Tamer Korkmaz
Bir yıl önceki suikast…
Karlov Cinayeti’nin üzerinden tam bir yıl geçti: Rusya’nın Ankara Büyükelçisi’nin ölüm yıldönümü münasebetiyle Türkiye’ye gelen Rus heyeti, suikast soruşturmasını yürüten Ankara Cumhuriyet Başsavcılığı yetkilileriyle buluştu.
Başsavcılık yetkilileri, Rus heyetine “suikastın iki ülke ilişkilerini bozmak amacıyla düzenlendiği” ve “Cinayetin arka planında FETÖ’nün yer aldığı” bilgisini vermiş…
Rus yetkililer de aynı görüşte olduklarını söylemişler.
*
Karlov’u öldüren polis Mevlüt Mert Altıntaş’ın FETÖ mensubu olduğu “daha o gece” ortaya çıkmıştı…
“Kanlı Oyun” çok çabuk bozulmuştu.
Geçen yılın 19 Aralık akşamı, “cinayet işlendikten dakikalar sonra” suikastçının “Nusra mensubu olduğunu!” iddia eden kimdi, peki?
El Cevap: CIA elemanı, FETÖ’cü kaçaklardan Emre Yaramaz!
*
Andrey Karlov’un öldürülmesinin hemen ardından…
“Suikastçının Nusra Cephesi’ne mensup bir radikal İslamcı olduğu” kuyruklu yalanı itina ile pazarlanmıştı…
Çünkü işbu psikolojik harp üzerinden katilin FETÖ’cü olduğu/cinayetin arkasında da FETÖ’nün yer aldığı gerçeği hasıraltı edilmek isteniyordu!

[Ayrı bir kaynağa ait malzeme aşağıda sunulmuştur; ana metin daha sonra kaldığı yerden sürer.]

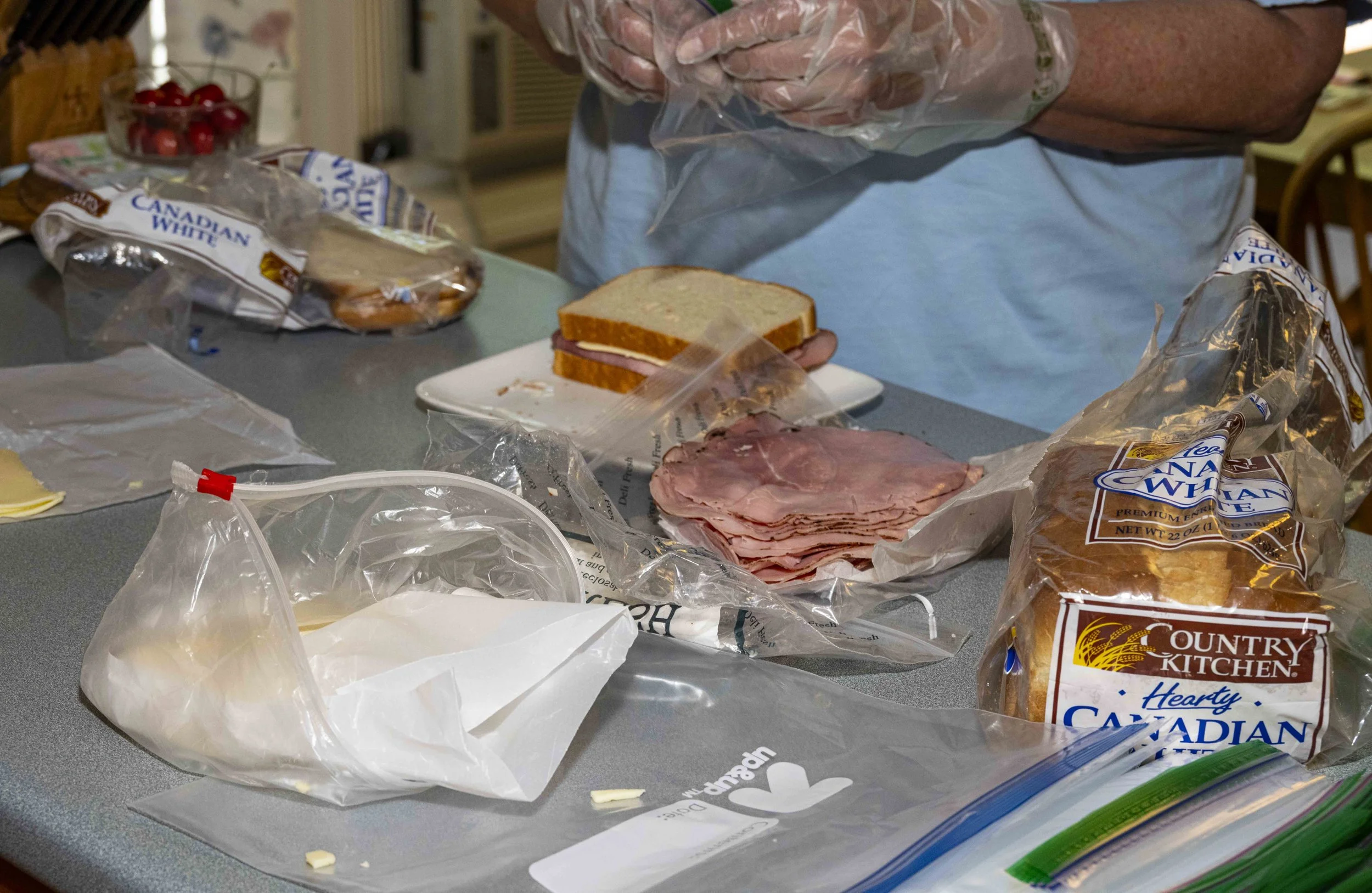Person preparing sandwiches with bread, ham, and cheese on a kitchen counter, with various sliced bread packages and cherry tomatoes visible.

Bu minvalde “suikastı Nusra’cıların üstlendiğine” dair bir başka yalan da “sahte bir bildiri” üzerinden gösterime girmişti!
“İsrail istihbaratının vitrini durumundaki DEBKAfile, suikastçının Nusra tetikçisi olduğunu” yazmıştı; içerideki bazıları da bu yalanı twitter’dan “köpürtmekle” meşguldü!

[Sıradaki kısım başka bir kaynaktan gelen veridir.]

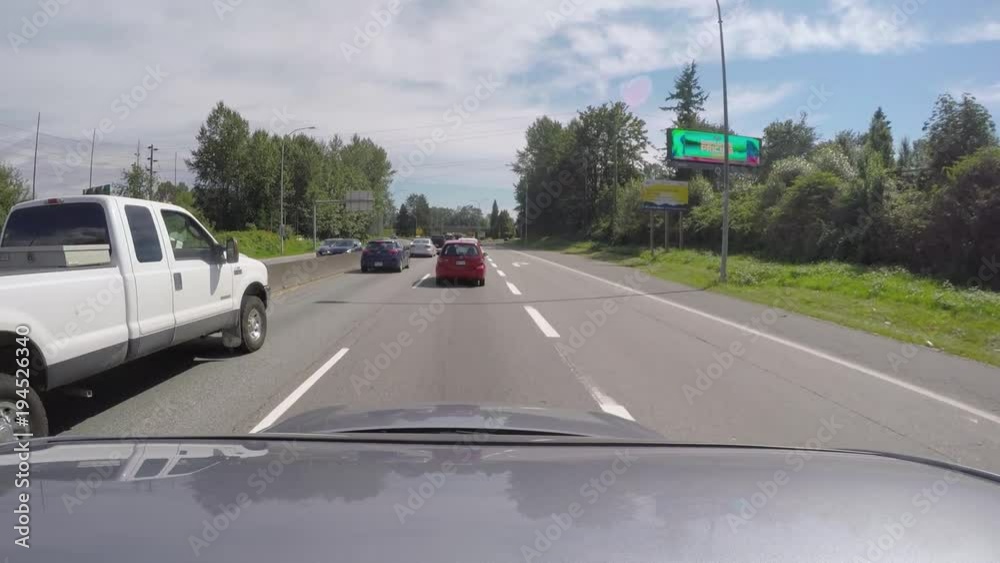 British Columbia, Canada. July 2017. Mounted shot of car driving along the Sea to Sky highway in North Vancouver British Columbia, Canada. July 2017. Mounted shot of car driving along the Sea to Sky highway in North Vancouver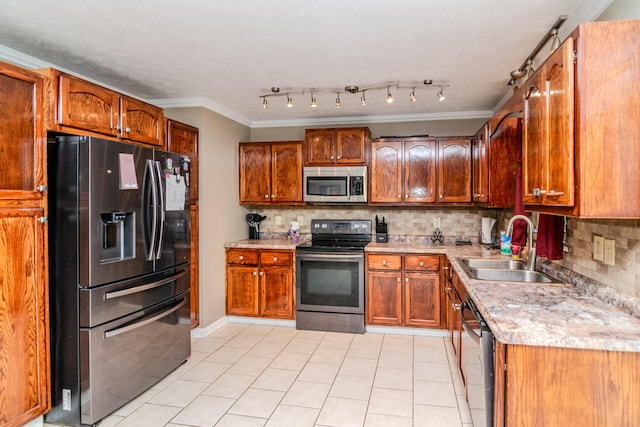 kitchen featuring appliances with stainless steel finishes, a sink, decorative backsplash, light tile patterned floors, and ornamental molding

Büyükelçinin öldürüldüğü akşam CNN Türk’teki canlı yayına telefonla bağlanan bir Hürriyet yazarı ise “Katilin Nusra’cı olduğunu” söylerken; FETÖ’nün Yaramaz’ından farksızdı!

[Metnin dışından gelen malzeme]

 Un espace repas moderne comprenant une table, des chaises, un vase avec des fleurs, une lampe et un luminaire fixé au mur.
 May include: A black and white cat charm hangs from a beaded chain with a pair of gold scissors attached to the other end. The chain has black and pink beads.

Geçen Ağustos’ta Hürriyet’teki köşesinde -bir başka konuda- klavye oynatırken, “Gazeteciye sızdırma yapılmaz mı, algı operasyonları için kullanılmaya çalışılmaz mı? O olur da, ben o türlerden değilim” diye yazmıştı!
Birkaç yıl önce, Pensilvanya’daki çiftlikte Locaefendi ile “hatıra fotoğrafı” çektiren de kendisiydi! O esnada, esas duruştaydı, ceketinin de düğmeleri ilikliydi.
*
Andrey Karlov Suikastı’nın ertesi günü yani 20 Aralık 2016 tarihli Hürriyet’in ilk sayfasında “Katil, Çevik Kuvvet polisi çıktı” patlağıyla birlikte, tetikçinin “Nusra Cephesi sloganı attığına”dikkat çekilmişti.
Oysa daha o gece bitmeden, daha doğrusu saatler gece yarısını bile göstermeden; katilin FETÖ mensubu olduğu kesinleşmişti. Locaefendi’nin muhibbi Hürriyet, bu gerçeği okuyucularından itina ile gizlemişti!
*
Bitmedi…
Mevlüt Mert Altıntaş, Paralel Yapı’nın sınav hırsızlığı sonucu polis olanlardandı.
15 Temmuz (2016) günü, Diyarbakır’da görevli iken iki gün için izin almış ve Ankara’nın yolunu tutmuştu…
Paralel Altıntaş’ın “izin kâğıdına yazdığı, Ankara’daki adresteki ev” mi; firardaki Abdullah Bozkurt’a aitti.
FETÖ’nün İsveç’e kaçan etki ajanlarından “gazeteci” maskeli Abdullah Bozkurt’un, Andrey Karlov’a düzenlenen suikasttan iki gün öncesinde; twitter’dan “Türkiye’deki elçilikler artık güvende değil” diye yazdığını da, çoktan unuttuk…
FETÖ’nün “uluslararası propaganda” için kurduğu İsveç merkezli SCF (Stockholm Center for Freedom) adlı kuruluşun başında, Sam Amca’sının Abdullah Bozkurt’u var!
15 Temmuz’daki darbe kalkışmasıyla alakalı bir rapor yayınlayan bu kuruluş; 191 sayfalık raporda Fetullah Gülen ile yapılmış bir mülakatı öne çıkarmıştı…
Raporda; Kılıçdaroğlu ve Demirtaş’ın yanı sıra, CIA ajanı Henri Barkey ile Michael Rubin’in açıklamalarına da yer verilmişti!
*
Abdullah Bozkurt adlı ajan; Trump’ın Kudüs’le ilgili malum kararından dolayı Türkiye’de protesto edilmesinden fevkalade rahatsız oldu!
Twitter’dan “Türkiye’deki Kudüs protestolarında El Kaide bağlantılı terör grupları başı çekiyor” diye yazarak iftira atan da Paralel Ajan Mister Bozkurt’tur:
“El Kaide’nin, aslında CIA operasyonunun kod adı” olduğu gerçeğini, Langley’dekilerden öğrenmiş olmalıdır!